Akın, “İlk yıllarda partide sadece çay ocağında çalıştım. Bazı kişiler bana ‘Sen neden evlenmiyorsun?’ diye soruyordu, aldırış etmedim, 11 yıldır da ilçe örgütünde çaycılık yapıyorum. Aynı zamanda kadın çalışmalarında yer alıyorum” ifadelerini kullandı.
YENİ BİR SAYFA
Her sabah ilçe binasını açıp, çay demledikten sonra gelen partili ve misafirleri karşıladığını söyleyen Akın, “Partiyi tanıdıktan sonra benim için yeni bir sayfa açıldı. Ne olursa olsun kadın mücadelesi her yerde ve her zaman yürütülebilir.
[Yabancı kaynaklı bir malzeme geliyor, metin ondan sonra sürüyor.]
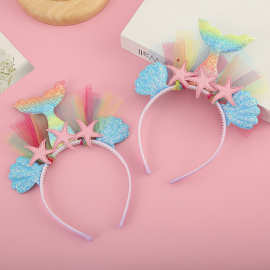 跨境美人鱼发箍 彩色贝壳鱼尾巴头箍可爱女童百搭公主裙服装配饰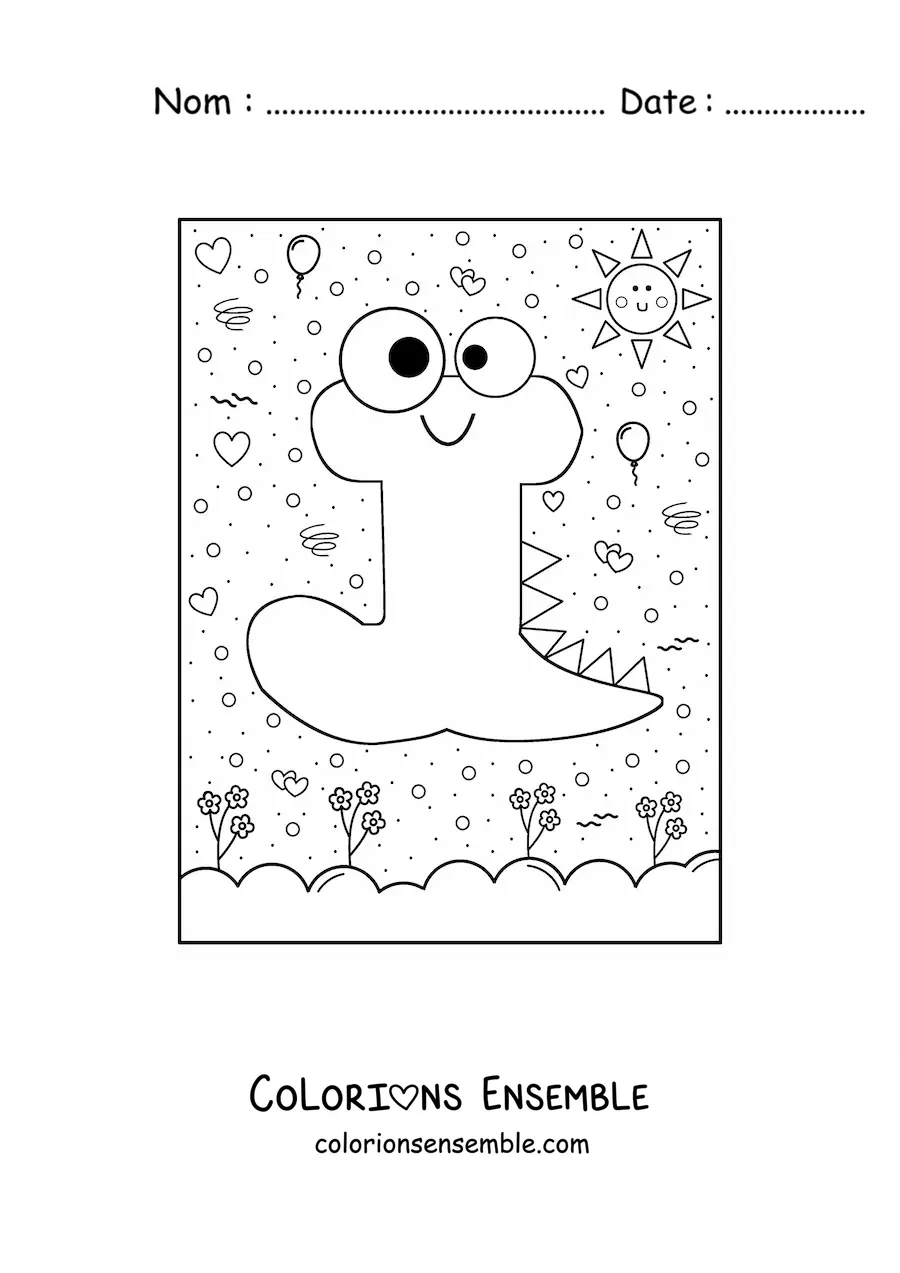 Image à colorier de la lettre J animée en forme de monstre de dessin animé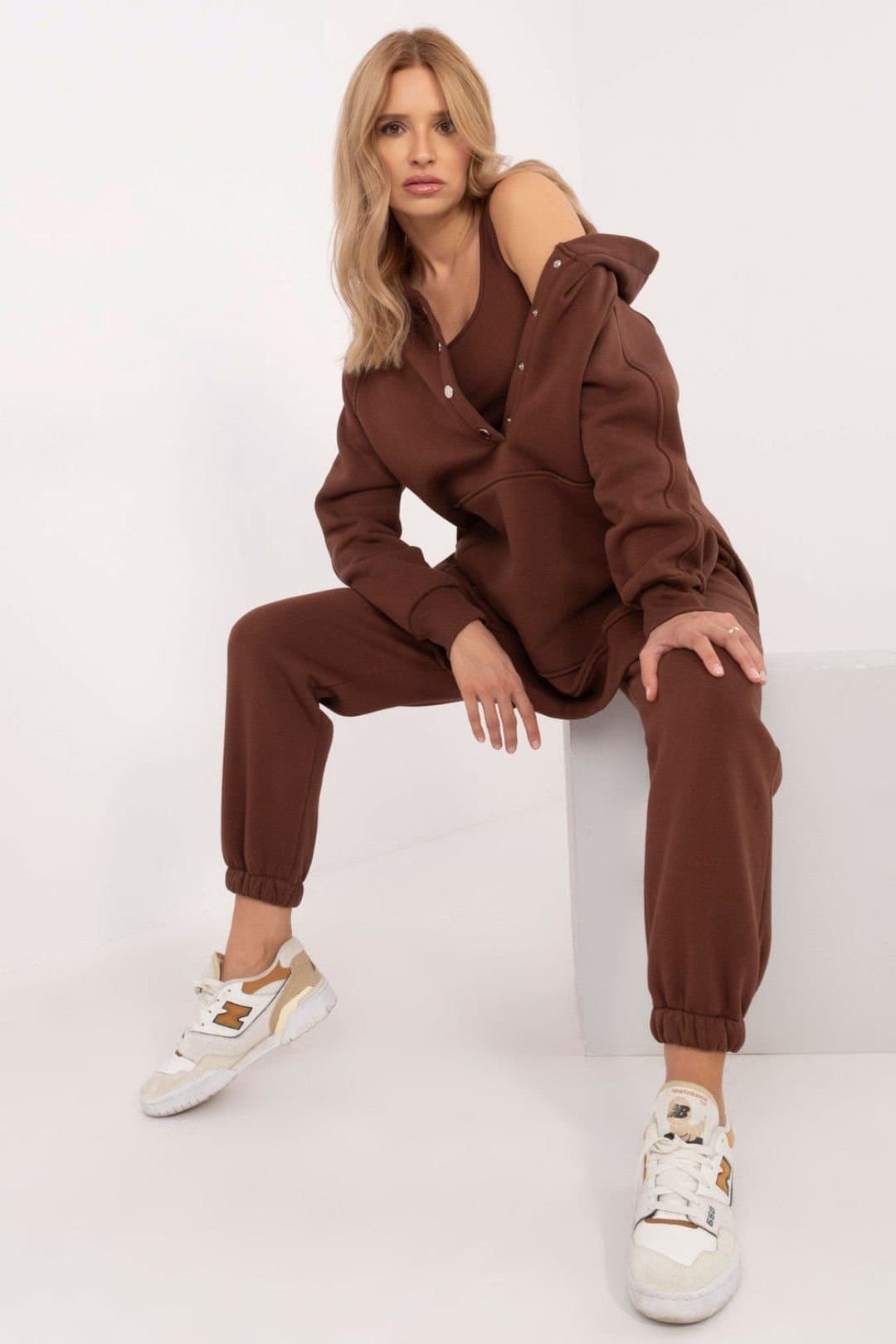Love Lace Love Lace Women's Cotton Melange 3 Piece Warm Casual Set in Brown
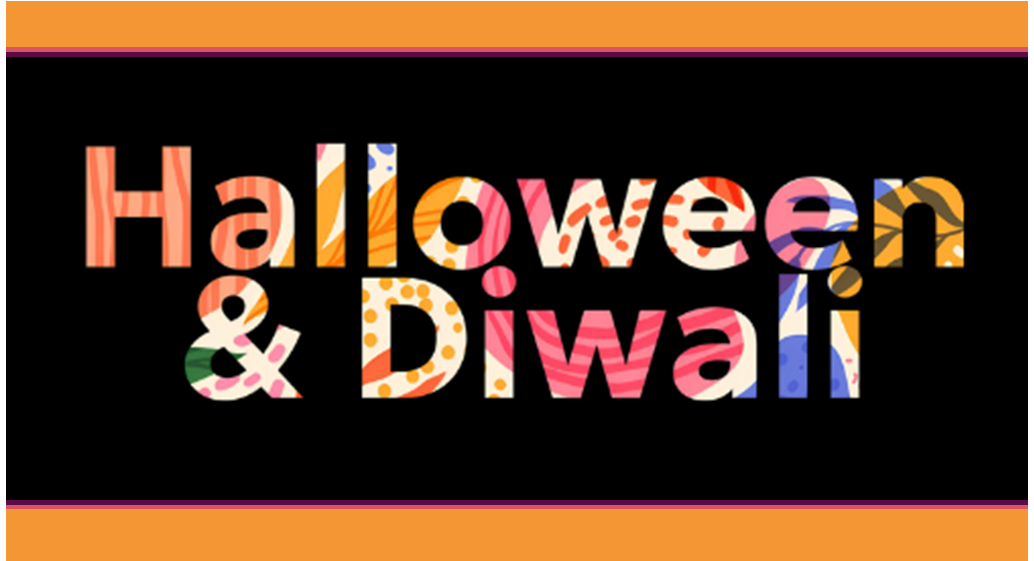 Halloween & Diwali text in a multicolored pattern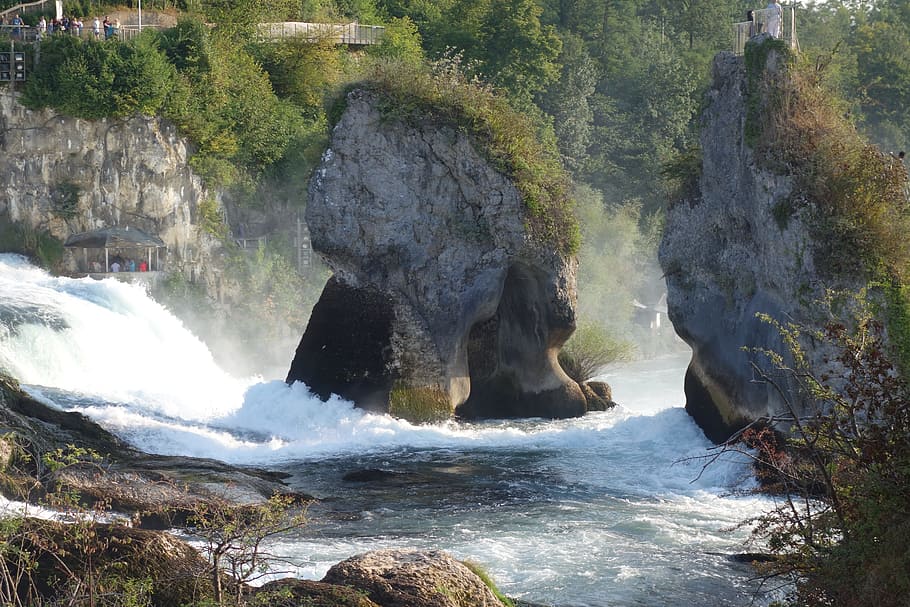 rhine falls, germany, waterfall, river, rock, water, landscape, nature, stones, waters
Buna inananlardan biriyim. İnsan yaşamaktan hiçbir zaman vazgeçmemeli ve hep direnmeli” diye belirtti.
Annesi ve kendi yaşadığı olumsuzluklara değinen Akın, şöyle dedi: “Artık anladığım bir şey var; çocuk yaşta kesinlikle evlenmemeli. Her ne kadar ’seviyoruz, istiyoruz’ denilse de çocuk yaşta evlilik yapılmamalı. Evlilik çok ağır bir yük. Benim yükümü hafifleten en büyük şey mücadele etmek oldu. Bunu da HDP’de yer alarak öğrendim.”
UMUT DİMDİK AYAKTA
Konuşmasının sonunda “Benim hikayem de bu” diyen Akın, “Kadına reva görülen kader değildir, erkek zulmüdür. Bu zulme karşı ayaklarımızın üstünde durmamız gerekir. Kadınlar bir evliliği bitiriyorsa, çözümü başka bir evlilikte aramamalı. Daha çok mücadeleyi büyütmeli. Benim umudum da dimdik ayakta ve yıkılmaz” dedi.